China’s Pearl River delta, Greater São Paulo, and Mumbai-Pune are also becoming more integrated through infrastructure. At least a dozen such mega-city corridors have emerged already. China is in the process of reorganizing itself around two dozen giant megacity clusters of up to 100 million citizens each. And yet by 2030, the second-largest city in the world behind Tokyo is expected not to be in China, but Manila in the Philippines.
America’s rising multi-city clusters are as significant as any of these, even if their populations are smaller. Three in particular stand out. First, the East Coast corridor from Boston through New York to Washington, D.C., contains America’s academic brain, financial centre, and political capital (the only thing missing is a high-speed railway to serve as the regional spine).

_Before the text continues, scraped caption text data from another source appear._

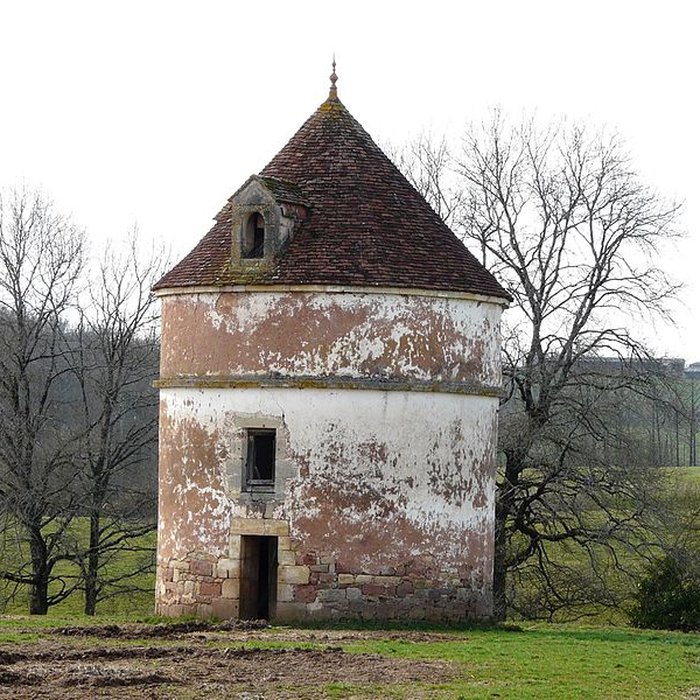 Photo de Abbaye de Dalon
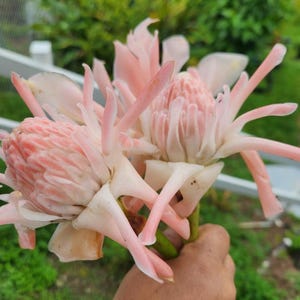 1 Live rhizome Pink/white torch
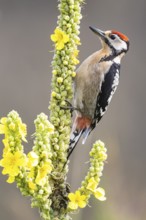 Great spotted woodpecker (Dendrocopus major) young bird Germany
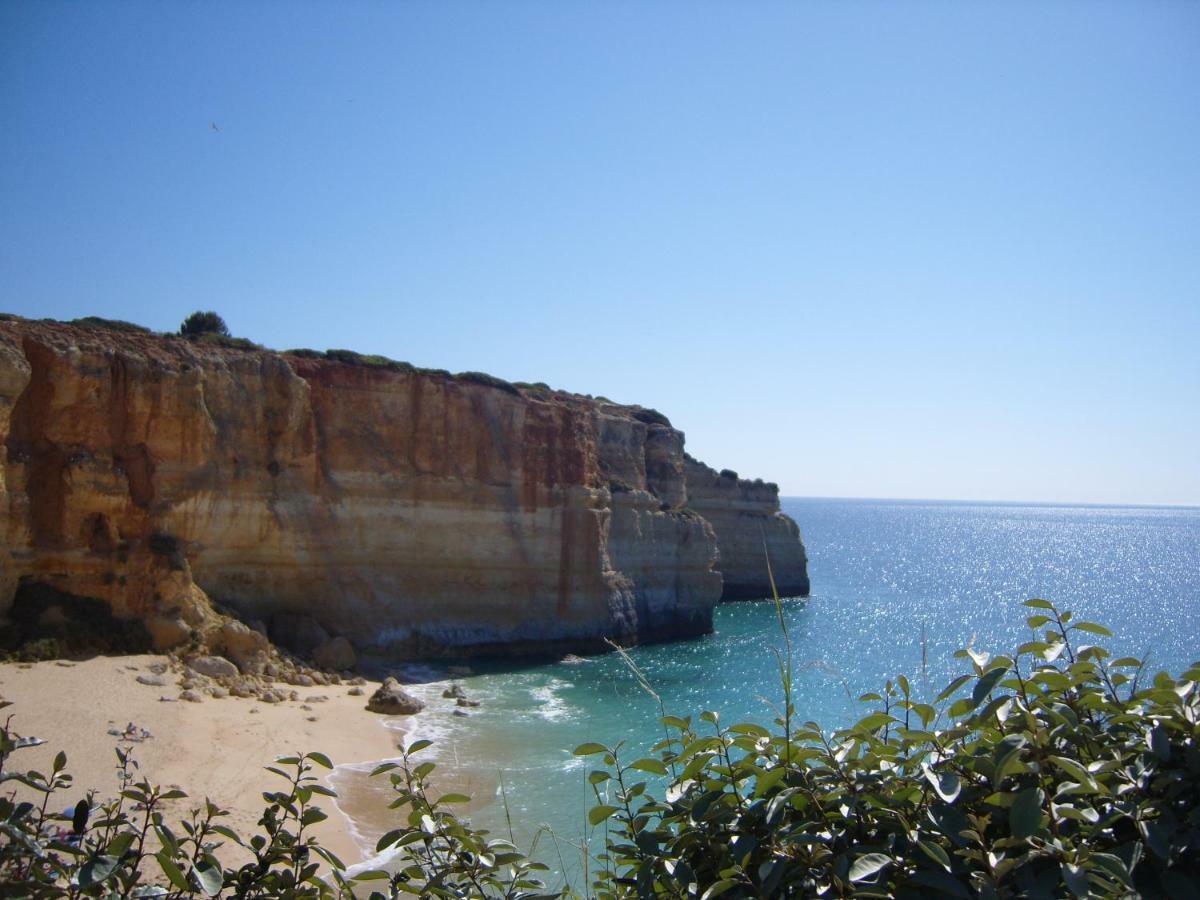 Quinta Do Pinheiro Manso - Holidays Villa - Marinha Beach Carvoeiro  Exterior foto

From San Francisco to San Jose, Silicon Valley has become one continuous low-rise stretch between I-280 and US-101 that is home to over 6,000 technology companies that generate more than $200 billion in GDP (with a San Francisco–Los Angeles–San Diego high-speed rail, California’s Pacific Coast would truly become the western counterpart to the northeastern corridor. Elon Musk’s Tesla has proposed an ultra-high-speed “Hyperloop” tunnel system for this route).

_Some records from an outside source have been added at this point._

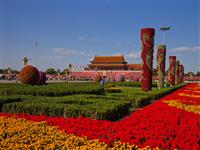 北京將開啟全夜景照明 主題花壇25日全布置到位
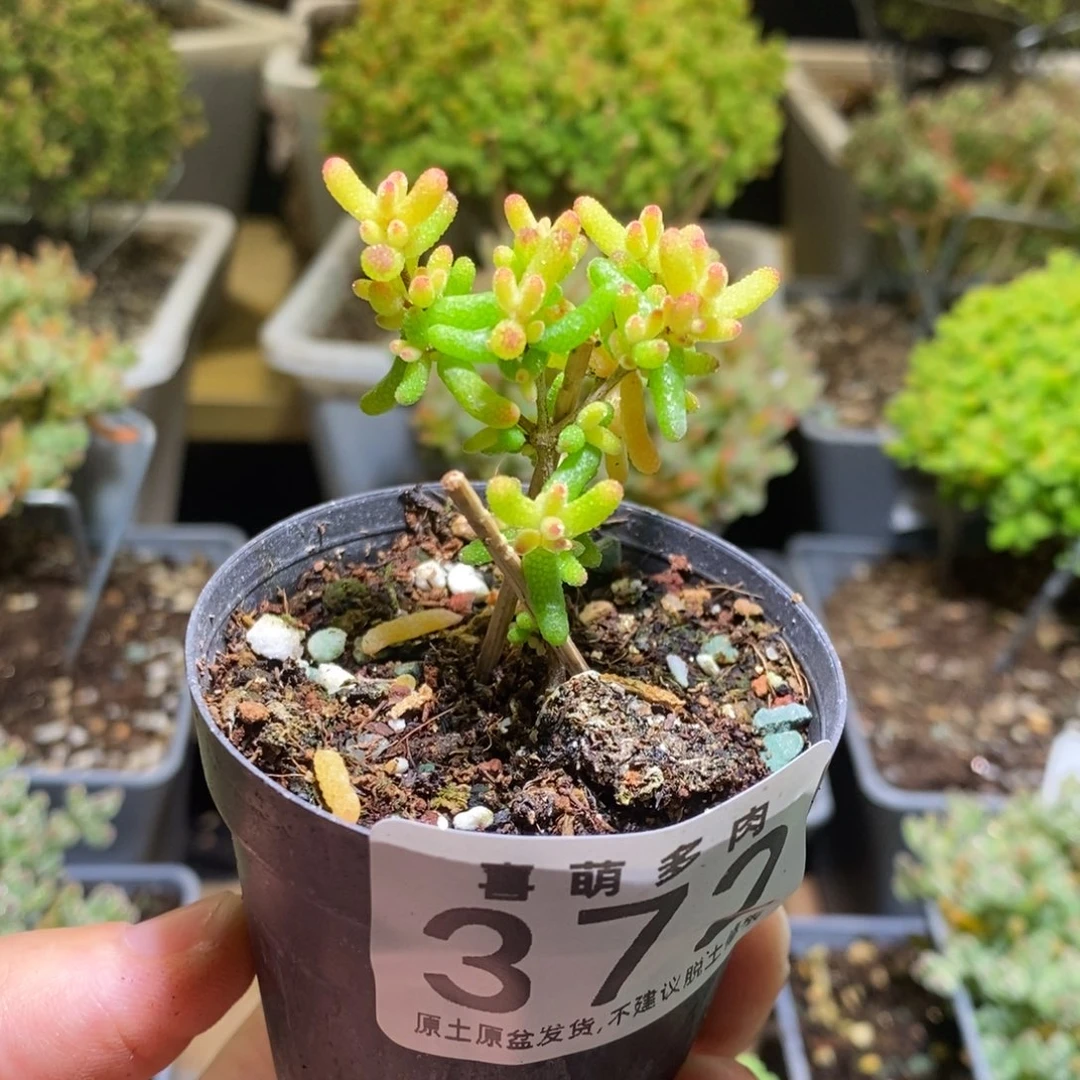 枝干番杏糖球粉锦372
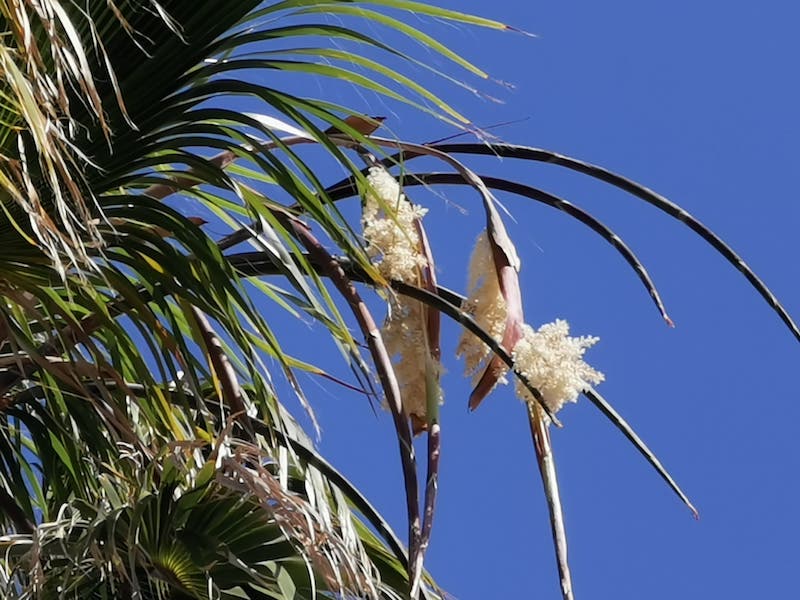 début de floraison Wash 9,5m de stipe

Finally, the Dallas–Fort Worth Metroplex, the largest urban cluster in the American South, houses industry giants such as Exxon, AT&T, and American Airlines in an economy larger than South Africa’s and is actually building a high-speed rail (well, 120 kilometres per hour) called the Trans-Texas Corridor that could eventually extend to the oil capital Houston based on plans rolled out in 2014 by Texas Central Railway and the bullet-train operator Central Japan Railway.
Great and connected cities, Saskia Sassen argues, belong as much to global networks as to the country of their political geography. Today the world’s top 20 richest cities have forged a super-circuit driven by capital, talent, and services: they are home to more than 75% of the largest companies, which in turn invest in expanding across those cities and adding more to expand the intercity network. Indeed, global cities have forged a league of their own, in many ways as denationalized as Formula One racing teams, drawing talent from around the world and amassing capital to spend on themselves while they compete on the same circuit.

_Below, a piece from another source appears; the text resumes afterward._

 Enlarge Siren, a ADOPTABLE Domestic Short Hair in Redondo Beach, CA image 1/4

The rise of emerging market megacities as magnets for regional wealth and talent has been the most significant contributor to shifting the world’s focal point of economic activity. McKinsey Global Institute research suggests that from now until 2025, one-third of world growth will come from the key Western capitals and emerging market megacities, one-third from the heavily populous middle-weight cities of emerging markets, and one-third from small cities and rural areas in developing countries.
There are far more functional cities in the world today than there are viable states. Indeed, cities are often the islands of governance and order in far weaker states where they extract whatever rents they can from the surrounding country while also being indifferent to it. This is how Lagos views Nigeria, Karachi views Pakistan, and Mumbai views India: the less interference from the capital, the better.
It is, of course, very difficult if not impossible to neatly disentangle the interdependencies between city and state, whether territorially, demographically, economically, ecologically, or socially. That is not the point. Across the world, city leaders and their key businesses set up Special Economic Zones and directly recruit investors into their orbit to ensure that their workers are hired and benefits accrue locally rather than nationally. This is all the sovereignty they want.
To that end, entire new districts (sometimes called aerotropolises) have sprung up around airports to evade urban congestion and more efficiently connect to global markets and supply chains. From Chicago’s O’Hare and Washington-Dulles to Seoul’s Incheon Airport, such sites have become the fastest-growing economic geographies, underscoring the intrinsic value of connectivity. For companies moving their headquarters into an aerotropolis, the airport is the gateway to world markets while the nearby city, no matter how large, is just another sales destination. Recreating the world map according to the three dozen mega-cities therefore tells us much more about where the world’s people are and money is than conventional maps of 200 separate countries.